▶ **HOW TO COMPLETE THIS TASK**
Every line below must be copied as written, except for pictures.

BEGIN WORKING DATA

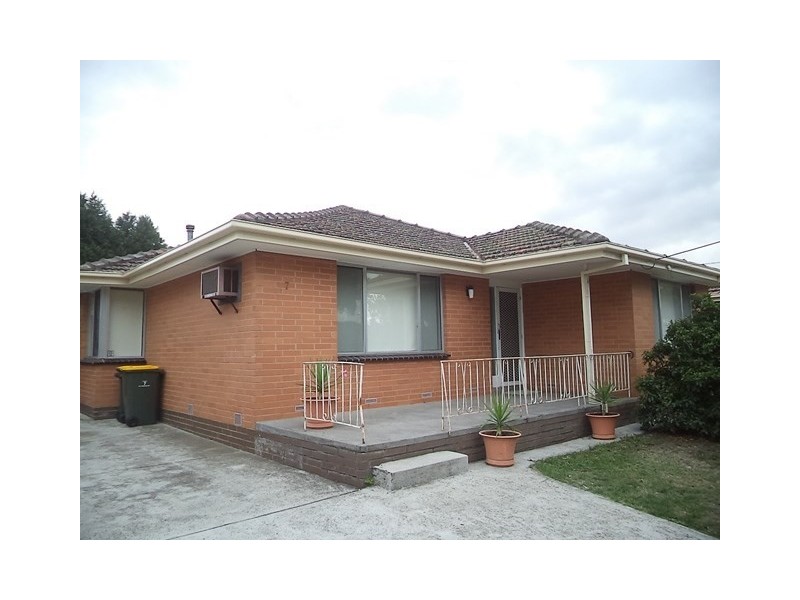 7 Hammond Drive, Epping VIC 3076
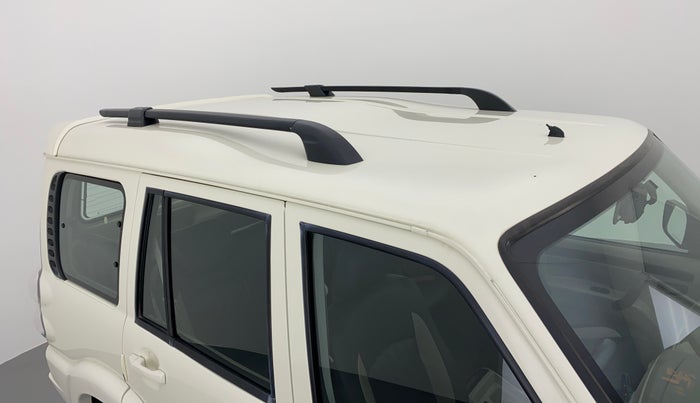 2015 Mahindra Scorpio S6 PLUS, Diesel, Manual, 28,045 km, Roof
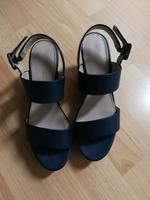 Sandalen von Esprit mit Keilabsatz Baden-Württemberg - Aalen Vorschau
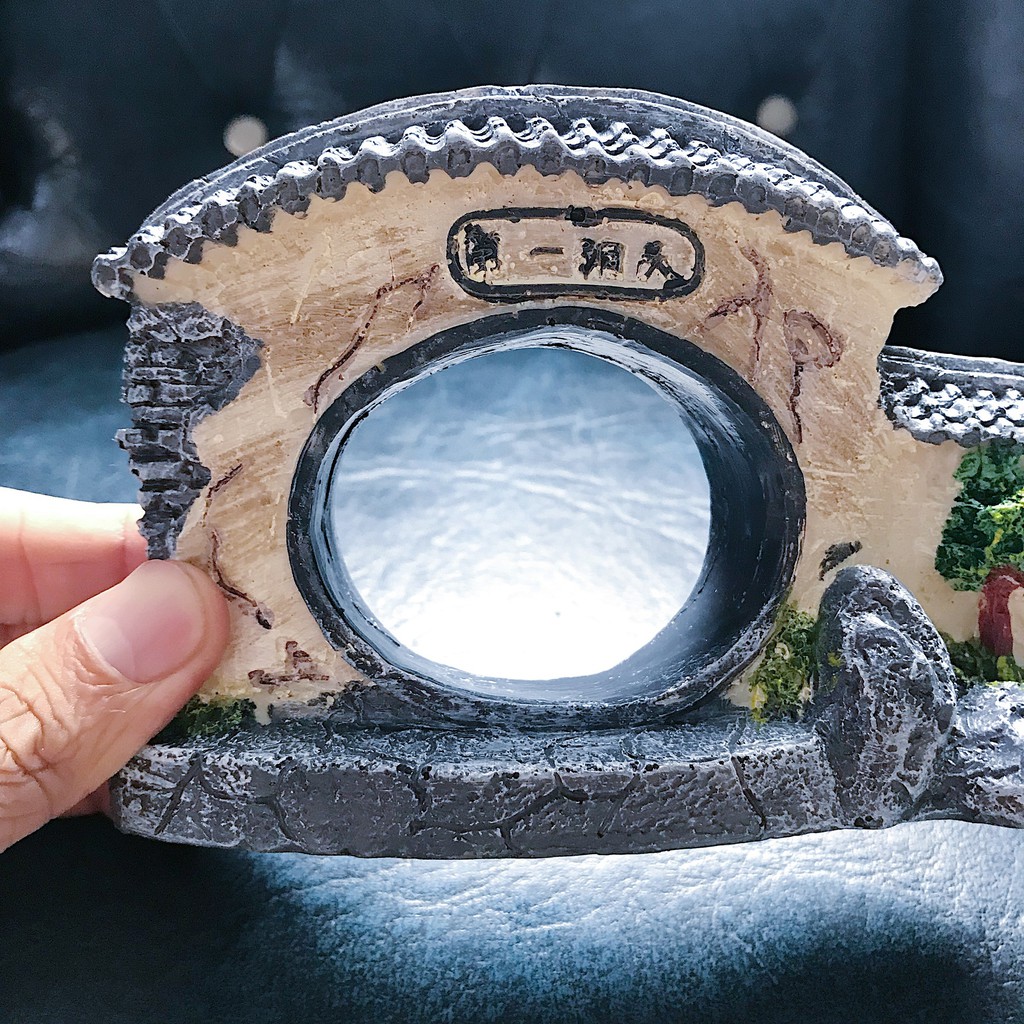 CỔNG TRANG TRÍ HỒ CÁ NON BỘ DÀI 14CM RỘNG 4CM CAO 5CM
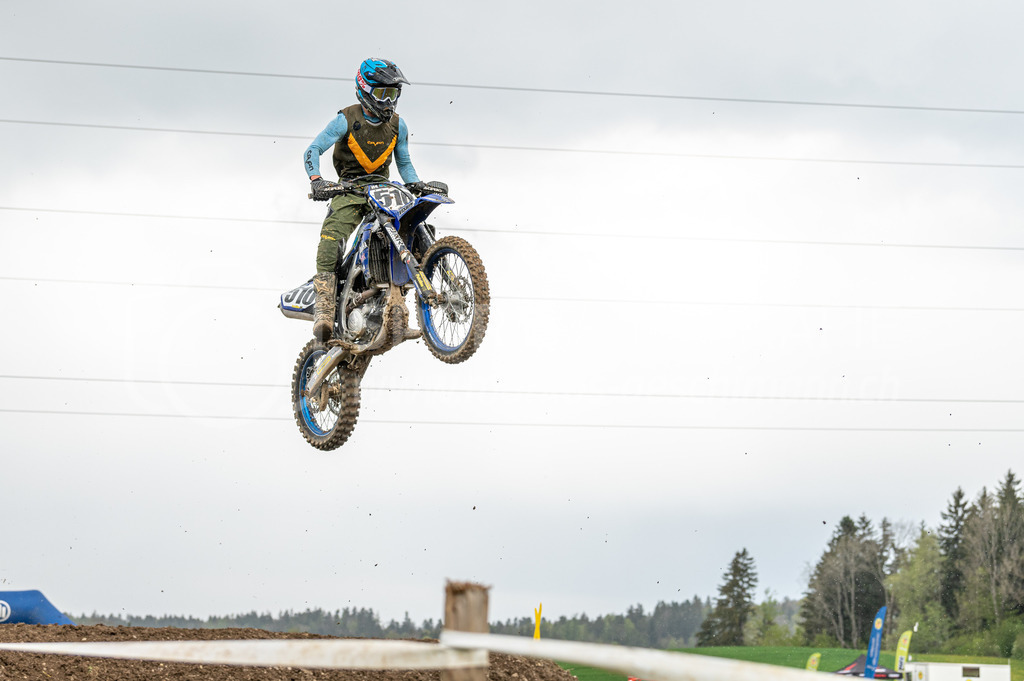 Motocross Schlatt bei Winterthur - 30. April 2022 | Motocross Schlatt bei Winterthur
MC Wila, Schlatt bei Winterthur
Bild: Sportfotografie Markus Aeschimann | www.markus-aeschimann.ch - Realisiert mit Pictrs.com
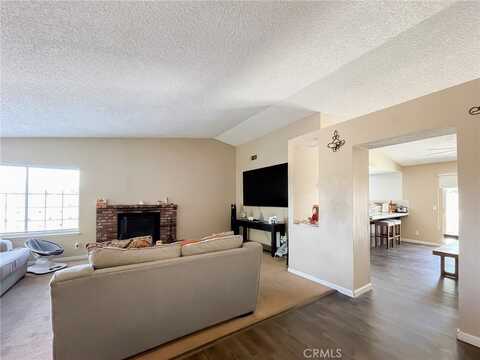 43930 11th Street E, Lancaster, CA 93535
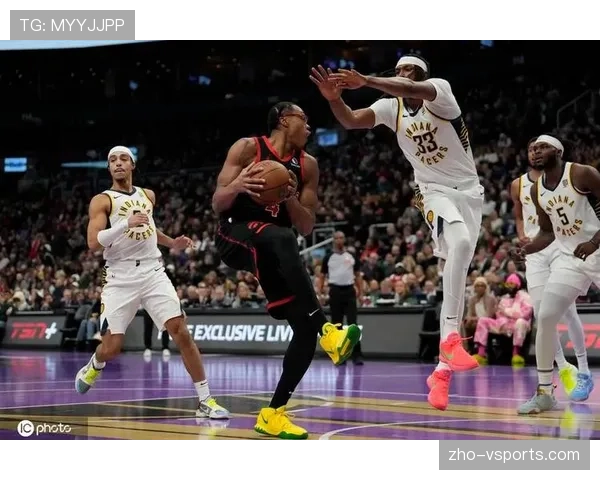 猛龙主场击败步行者取得三连胜 巴恩斯全面数据展现成长 猛龙主场击败步行者取得三连胜 巴恩斯全面数据展现成长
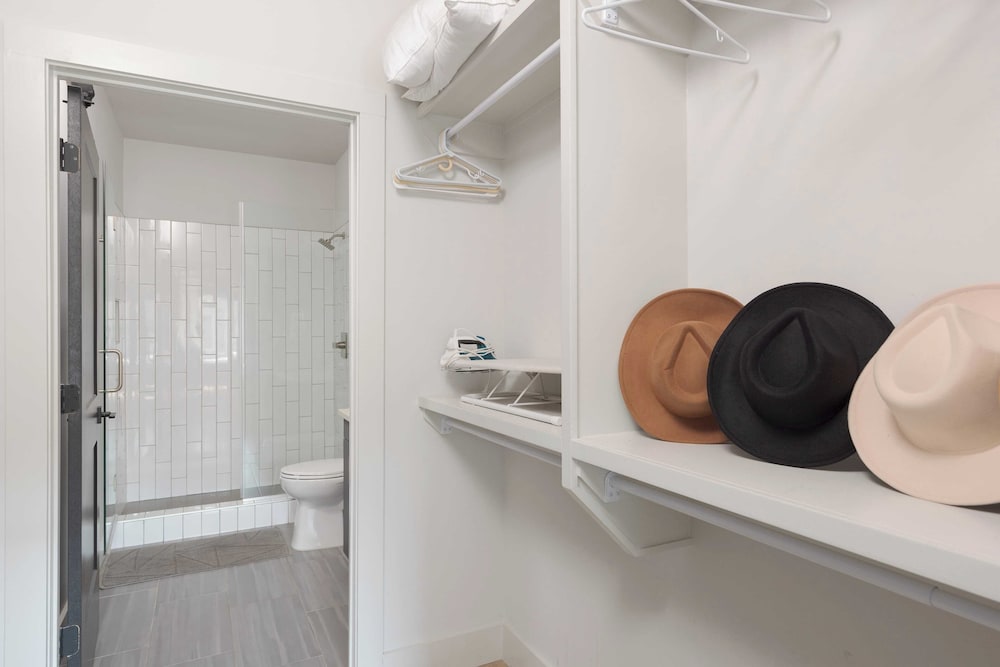 2 Units in Walkable Midtown Location, Gym+pool Honkey-tonk & Muse by Avantstay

END WORKING DATA

▶ **RESPONSE**
 7 Hammond Drive, Epping VIC 3076
 2015 Mahindra Scorpio S6 PLUS, Diesel, Manual, 28,045 km, Roof
 Sandalen von Esprit mit Keilabsatz Baden-Württemberg - Aalen Vorschau
 CỔNG TRANG TRÍ HỒ CÁ NON BỘ DÀI 14CM RỘNG 4CM CAO 5CM
 Motocross Schlatt bei Winterthur - 30. April 2022 | Motocross Schlatt bei Winterthur
MC Wila, Schlatt bei Winterthur
Bild: Sportfotografie Markus Aeschimann | www.markus-aeschimann.ch - Realisiert mit Pictrs.com
 43930 11th Street E, Lancaster, CA 93535
 猛龙主场击败步行者取得三连胜 巴恩斯全面数据展现成长 猛龙主场击败步行者取得三连胜 巴恩斯全面数据展现成长
 2 Units in Walkable Midtown Location, Gym+pool Honkey-tonk & Muse by Avantstay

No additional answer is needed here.